[LU-13566] socklnd: wrong NID to interface mapping Created: 15/May/20 Updated: 29/Jul/20 Resolved: 28/Jun/20 |
|
| Status: | Resolved |
| Project: | Lustre |
| Component/s: | None |
| Affects Version/s: | None |
| Fix Version/s: | Lustre 2.14.0 |
| Type: | Bug | Priority: | Minor |
| Reporter: | Amir Shehata (Inactive) | Assignee: | Amir Shehata (Inactive) |
| Resolution: | Fixed | Votes: | 0 |
| Labels: | None | ||
| Issue Links: |
|
||||||||
| Severity: | 3 | ||||||||
| Rank (Obsolete): | 9223372036854775807 | ||||||||
| Description |
|
In a Multi-Rail setup using ethernet interfaces, it appears like there is a wrong mapping between the LNet level NID and the ethernet interfaces. When we restrict traffic from LNet on a subset of the NIDs, even for that subset, the interfaces don't match. For example netstat -i can show traffic on eth0 and eth2. But LNet shows that it's using eth1 and eth2. However, when using iperf, all ethernet interfaces are used according to netstat -i This behavior is easily reproducible on a simple 2 VM MR setup. |
| Comments |
| Comment by Andreas Dilger [ 21/May/20 ] |
|
Is this happening with multiple Ethernet interfaces on the same subnet? I recall ages ago that there was a problem with "source routing" for ethernet, in that the kernel would select whatever interface it wanted on that subnet, even if LNet is trying to use a specific interface for outgoing packets. This might be helped by patch https://review.whamcloud.com/37702 "LU-10391 socklnd: use interface index to track local addr" to ensure that the specific interface is used rather than trying to use the address to guide interface selection. |
| Comment by Amir Shehata (Inactive) [ 22/May/20 ] |
|
I actually found a problem with that patch. It breaks binding a socket to the correct interface. As a result we keep binding to the same interface. However, even when I fixed this issue netstat -i still shows all traffic going over only one of the interfaces. I'm continuing my investigation. *Correction the same problem was there from the beginning in socklnd.
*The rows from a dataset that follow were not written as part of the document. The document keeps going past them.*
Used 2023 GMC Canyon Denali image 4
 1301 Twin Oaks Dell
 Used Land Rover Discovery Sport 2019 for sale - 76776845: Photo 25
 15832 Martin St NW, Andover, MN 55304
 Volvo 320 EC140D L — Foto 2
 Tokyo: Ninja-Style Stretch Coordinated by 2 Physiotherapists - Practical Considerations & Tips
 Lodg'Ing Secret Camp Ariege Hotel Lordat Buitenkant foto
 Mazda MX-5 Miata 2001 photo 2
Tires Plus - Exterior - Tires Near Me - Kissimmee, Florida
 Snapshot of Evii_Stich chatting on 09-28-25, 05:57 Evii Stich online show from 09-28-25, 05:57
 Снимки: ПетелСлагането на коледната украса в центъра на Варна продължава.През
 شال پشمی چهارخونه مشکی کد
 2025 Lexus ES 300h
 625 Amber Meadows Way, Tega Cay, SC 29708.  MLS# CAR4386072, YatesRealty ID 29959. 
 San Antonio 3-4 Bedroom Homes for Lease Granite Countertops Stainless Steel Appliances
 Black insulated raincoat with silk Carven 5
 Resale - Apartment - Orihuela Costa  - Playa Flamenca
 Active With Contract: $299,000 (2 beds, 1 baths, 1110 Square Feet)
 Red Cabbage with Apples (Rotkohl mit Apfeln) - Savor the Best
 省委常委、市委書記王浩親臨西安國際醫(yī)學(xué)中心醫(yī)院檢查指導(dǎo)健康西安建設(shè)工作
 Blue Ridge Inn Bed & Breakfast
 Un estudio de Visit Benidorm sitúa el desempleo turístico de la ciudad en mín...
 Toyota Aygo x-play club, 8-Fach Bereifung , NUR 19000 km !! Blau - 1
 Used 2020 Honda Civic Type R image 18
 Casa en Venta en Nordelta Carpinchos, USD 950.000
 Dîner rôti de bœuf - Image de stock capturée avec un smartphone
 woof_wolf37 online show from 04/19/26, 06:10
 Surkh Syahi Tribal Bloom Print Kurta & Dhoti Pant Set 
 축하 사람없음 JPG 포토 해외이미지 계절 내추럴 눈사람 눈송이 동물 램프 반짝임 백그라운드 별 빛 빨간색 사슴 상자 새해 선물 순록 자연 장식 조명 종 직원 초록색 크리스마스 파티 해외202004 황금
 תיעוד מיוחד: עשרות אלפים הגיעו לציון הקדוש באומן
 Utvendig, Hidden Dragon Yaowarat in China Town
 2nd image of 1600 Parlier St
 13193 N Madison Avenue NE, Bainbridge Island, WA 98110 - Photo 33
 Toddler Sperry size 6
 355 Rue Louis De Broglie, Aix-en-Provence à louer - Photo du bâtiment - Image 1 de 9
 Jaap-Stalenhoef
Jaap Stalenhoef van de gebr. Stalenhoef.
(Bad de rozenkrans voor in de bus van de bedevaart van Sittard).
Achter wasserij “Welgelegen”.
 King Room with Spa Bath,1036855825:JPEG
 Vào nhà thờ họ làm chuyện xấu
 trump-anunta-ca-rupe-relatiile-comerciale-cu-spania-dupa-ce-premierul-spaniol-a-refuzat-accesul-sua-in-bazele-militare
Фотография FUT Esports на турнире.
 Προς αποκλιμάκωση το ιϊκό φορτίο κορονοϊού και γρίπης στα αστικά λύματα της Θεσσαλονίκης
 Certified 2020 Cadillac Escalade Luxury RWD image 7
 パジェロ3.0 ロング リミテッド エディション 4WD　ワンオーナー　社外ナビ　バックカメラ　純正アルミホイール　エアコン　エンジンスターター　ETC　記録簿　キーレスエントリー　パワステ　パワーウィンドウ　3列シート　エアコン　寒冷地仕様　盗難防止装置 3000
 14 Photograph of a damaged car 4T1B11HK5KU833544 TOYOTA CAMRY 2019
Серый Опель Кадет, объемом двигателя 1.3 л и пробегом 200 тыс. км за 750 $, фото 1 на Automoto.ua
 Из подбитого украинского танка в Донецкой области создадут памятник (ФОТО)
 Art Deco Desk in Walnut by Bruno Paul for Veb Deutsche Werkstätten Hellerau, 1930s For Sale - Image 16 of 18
It was not introduced by the patch. |
| Comment by Gerrit Updater [ 28/May/20 ] |
|
Amir Shehata (ashehata@whamcloud.com) uploaded a new patch: https://review.whamcloud.com/38743 |
| Comment by Amir Shehata (Inactive) [ 28/May/20 ] |
|
For tcp workloads it's important to properly set the ARP, reverse path filtering and routing config, to make sure packets egress over the intended interfaces in a multi-rail setup. |
| Comment by Gerrit Updater [ 28/Jun/20 ] |
|
Oleg Drokin (green@whamcloud.com) merged in patch https://review.whamcloud.com/38743/ |
| Comment by Peter Jones [ 28/Jun/20 ] |
|
Landed for 2.14 |